Pour Balkrishna Kaunhye, « ce n’est pas nouveau ce qui se passe. Dans le passé, il y a eu des menaces contre les journalistes, mais cette fois-ci, avec cette ‘hit list’, c’est devenu bien plus grave ». Il estime que si c’est un ‘fake news, « c’est une plaisanterie de mauvais goût dans un pays civilisé ». Cela l’inquiète sérieusement, ainsi que sa famille. « On ne peut pas prendre cela à la légère », fait-il ressortir. Il lance un appel à la police de mener une enquête sur cette affaire. « C’est du ressort de la police pour aller jusqu’au bout pour faire la lumière sur cette affaire », dit-il.

Jean-Luc Émile a également consigné une déposition même si son nom ne figure pas sur la ‘hit list’ car il dit craindre pour sa sécurité. « Ce n’est pas drôle de voir une telle chose », dit-il. « Nous sommes des journalistes et nous avons le droit de faire notre travail de manière indépendante et sans aucune frayeur », affirme-t-il.

Une bande malintentionnée à l’œuvre

Des professionnels de l’audiovisuel nous affirment que les pages Sun Power, Sun Power TV ou même Radio Katori seraient l’œuvre des professionnels. « Nous avons surtout examiné les montages vidéos avec les effets, et ce ne sont certainement pas des amateurs qui en seraient à l’origine », nous a confié un expert en informatique. Il est d’avis que les personnes qui font le montage de ces vidéos utilisent des ordinateurs et des logiciels puissants et coûteux.

Depuis l’arrestation de Bruneau Laurette la semaine dernière, ces pages sont très actives. Plusieurs vidéos et photomontages ont été publiées. Dans une photo, on peut même voir Bruneau Laurette avec un BLD, suivi du libellé « Baron La Drogue ». Des photos de ses avocats et de quatre journalistes, dont Nawaz Noorbux, Al Khizr Ramdin, Nad Sivaramen et Axcel Chenney, y figurent également.
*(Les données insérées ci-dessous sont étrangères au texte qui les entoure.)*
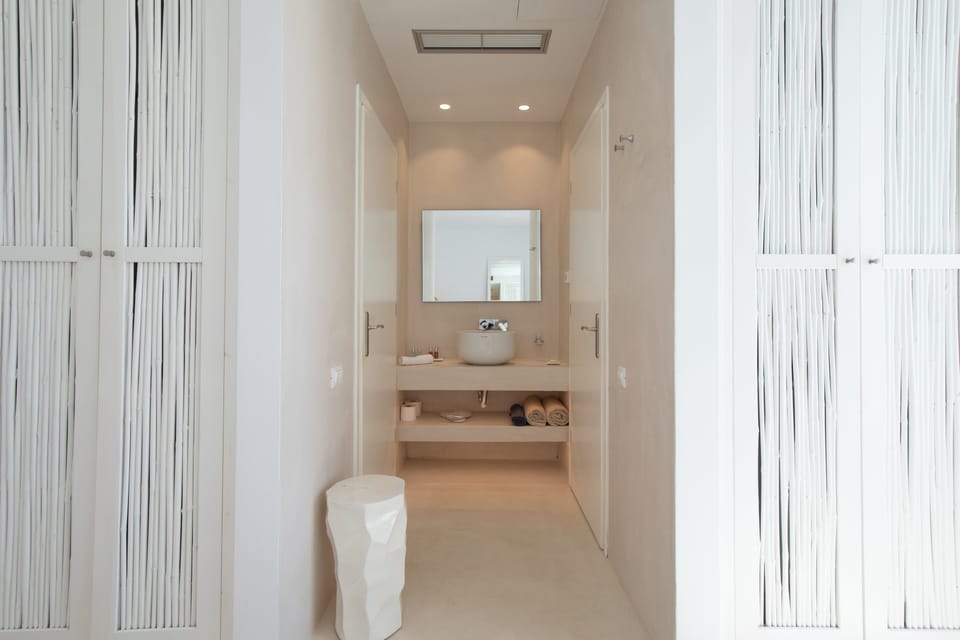 Shower, rainfall showerhead, designer toiletries, hair dryer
C’est l’une des raisons qui a poussé Nawaz Noorbux et Al Khizr Ramdin de porter plainte au poste de Pope Hennessy, jeudi après-midi. 

La MCIT chargée d’une enquête sur la … diffamation!

Par ailleurs, Axcel Chenney, du groupe de presse La Sentinelle, a été convoqué dans les locaux de la ‘Major Crime Investigation Team’ (MCIT) dans l’enceinte des Casernes Centrales le jeudi 10 novembre. Cette convocation fait suite à un entretien que lui avait accordé Bissoon Mungroo. Ce dernier aurait dit que, concernant le meurtre de Soobramanien Kistnen, « Pravind Jugnauth sait qui a fait ça ». Le lendemain de cet entretien, Bissoon Mungroo avait été convoqué à la MCIT pour fournir des explications sur ses propos. Celui-ci s’était rétracté en disant que le journaliste avait mal rapporté ses propos. Axcel Chenney maintient lui que l’entretien avait été enregistré. Il a d’ailleurs soumis une transcription de cet enregistrement aux enquêteurs, en soutenant ne pas pouvoir leur remettre l’enregistrement par principe journalistique.